Se detuvo en una lápida y junto al nombre del difunto, rezaba la siguiente leyenda: vivió ocho años y siete meses. Sintió lástima por el chiquillo. Pero para su sorpresa todas las lápidas aludían vidas cortas. El más longevo, de once años. Parecía un cementerio infantil y se le rompió el corazón ver que en ese pequeño lugar tantos niños y tan pequeños habían muerto.

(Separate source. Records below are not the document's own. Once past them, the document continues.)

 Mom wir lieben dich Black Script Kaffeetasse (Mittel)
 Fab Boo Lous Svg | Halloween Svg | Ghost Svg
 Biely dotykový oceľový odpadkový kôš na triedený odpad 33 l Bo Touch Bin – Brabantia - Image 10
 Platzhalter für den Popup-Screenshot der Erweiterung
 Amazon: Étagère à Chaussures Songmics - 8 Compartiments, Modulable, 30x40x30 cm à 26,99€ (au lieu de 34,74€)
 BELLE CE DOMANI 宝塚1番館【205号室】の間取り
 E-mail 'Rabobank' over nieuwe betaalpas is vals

Vio al guarda y le preguntó. No era un camposanto para infantes. Era una curiosa costumbre de aquel lugar. El hombre le contó: tenemos por costumbre, al cumplir los quince años, regalar una libreta a los jóvenes donde van apuntando  los mejores momentos de sus vidas:  a la izquierda, qué fue lo disfrutado. A la derecha, cuánto tiempo duró. Conocer un amor, tener un hijo, casamientos, viajes... en fin, todo va quedando contabilizado en esta libreta y cuando alguien muere, sumamos el tiempo disfrutado para escribirlo sobre su tumba, porque al fin al cabo, solo los momentos felices son los que de verdad cuentan en la vida.
Qué historia tan bonita, qué cosas tan interesantes le pasaban al gabachito de voz serena y cantarina. Mecachis, hay gente que en unas vacaciones reúnen más vivencias que la mayoría de los mortales en toda su vida. El problema, fue, que un par de años después -o algo más, ya descontrolo- me encontré con este mismo cuento leyendo Historias para pensar de Jorge Bucay. Toma ya. El truco para ser tan encantador y forjado en una y mil aventuras, parece que pasa por tener una buena biblioteca. 

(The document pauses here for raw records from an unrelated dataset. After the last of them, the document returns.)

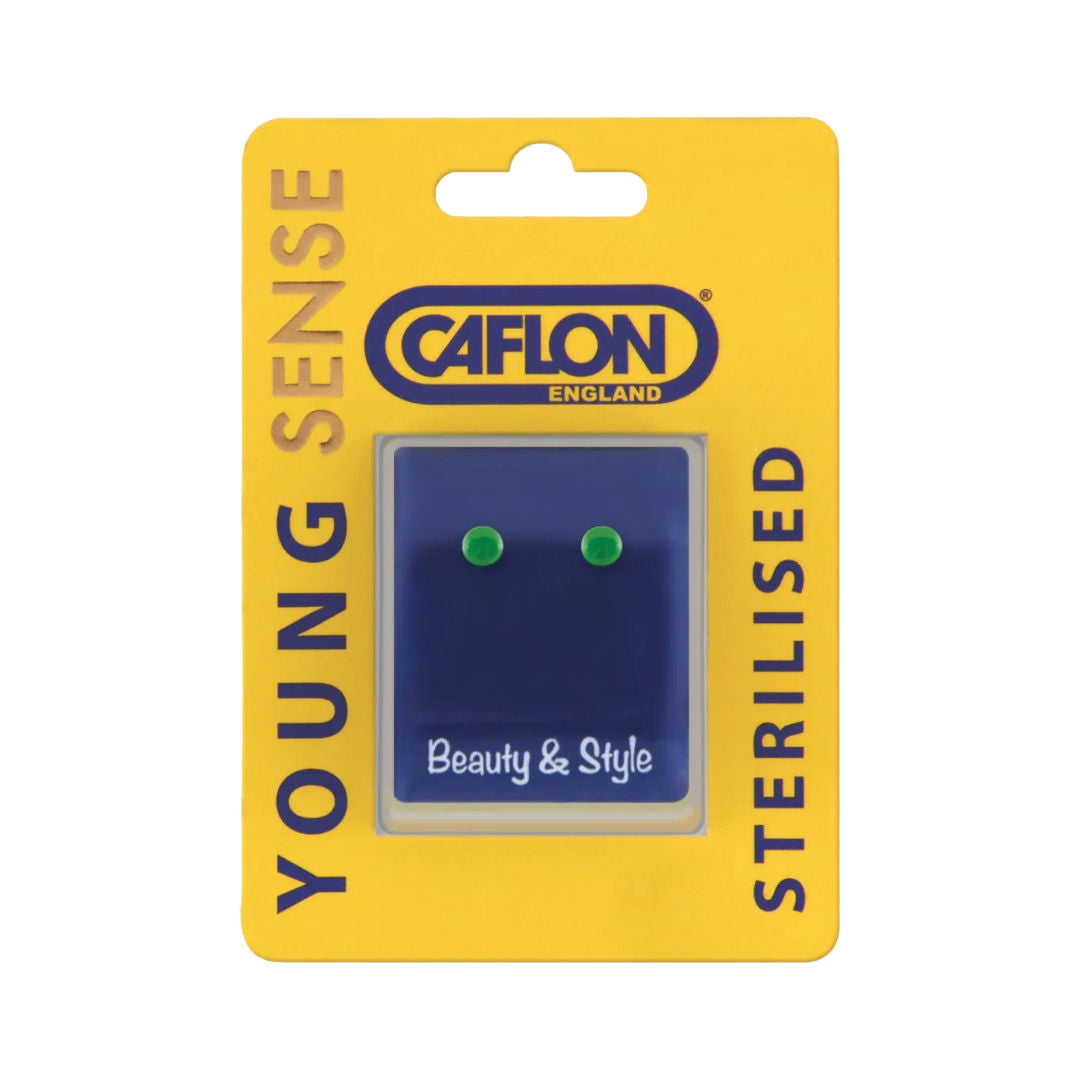 Caflon Young Sense Gold Plated, Small Button Earring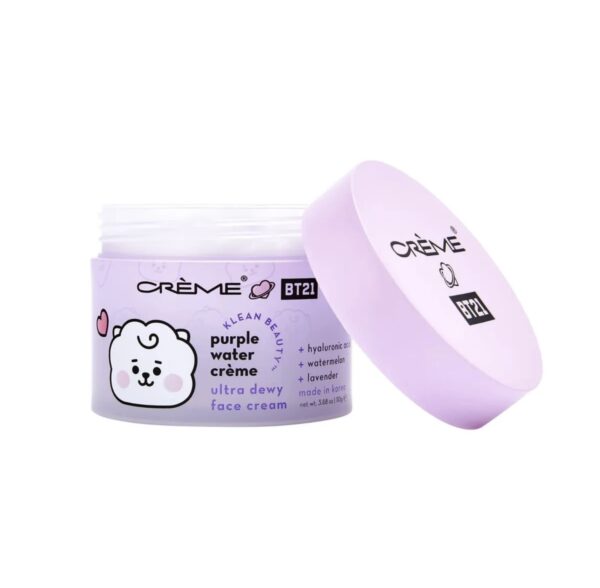 The Creme Shop BT21 BABY - RJ Purple Water Crème - Klean Beauty™️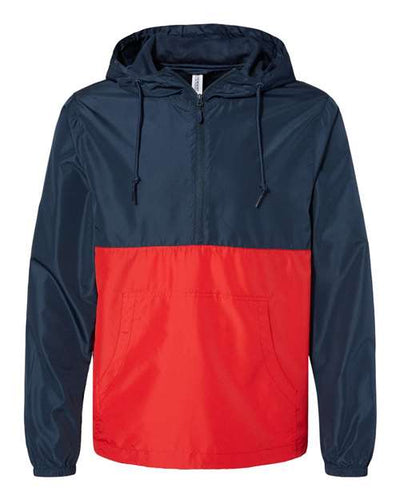Independent Trading Co. Unisex Lightweight Quarter-Zip Windbreaker Pullover Jacket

En cualquier caso, ahora con las redes sociales, el nivel por currarse el ligoteo  ha decaído  enormemente. Veo reels y ticktoks con consejos de cómo ligar, en plan "a los chicos nos gusta que nos soplen detrás de las orejas" o "a las chicas nos encanta que los chicos se levanten la camiseta y marquen tabletas"  y me quedo  bocas de oír tanta estupidez de retrasados emocionales que no sabrían como besar por primera vez a su pareja sin retransmitir en directo. Dónde va a parar. Tirar de biblioteca tiene muchísimo más glamour. 


Ingredientes:
(La receta la encontré aquí)
  • 150gr. queso feta (o un queso de oveja fresco)
  • 75gr. de queso de untar
  • 75gr-125gr. de nueces a tu gusto
  • unas hojitas de albahaca fresca
  • aceite de oliva
  • ralladura de limón
  • opcional: un poco de pimienta acitronada para decorar

Preparación:
  1. Pon todos los ingredientes en el vaso de un procesador o trituradora y haz una masa homogénea. Puedes moler primero las nueces para que sea más fácil. Decora con un poco de aceite de oliva y un poco de pimienta (a mí me encanta la pimienta acitronada o Zitronenpfeffer)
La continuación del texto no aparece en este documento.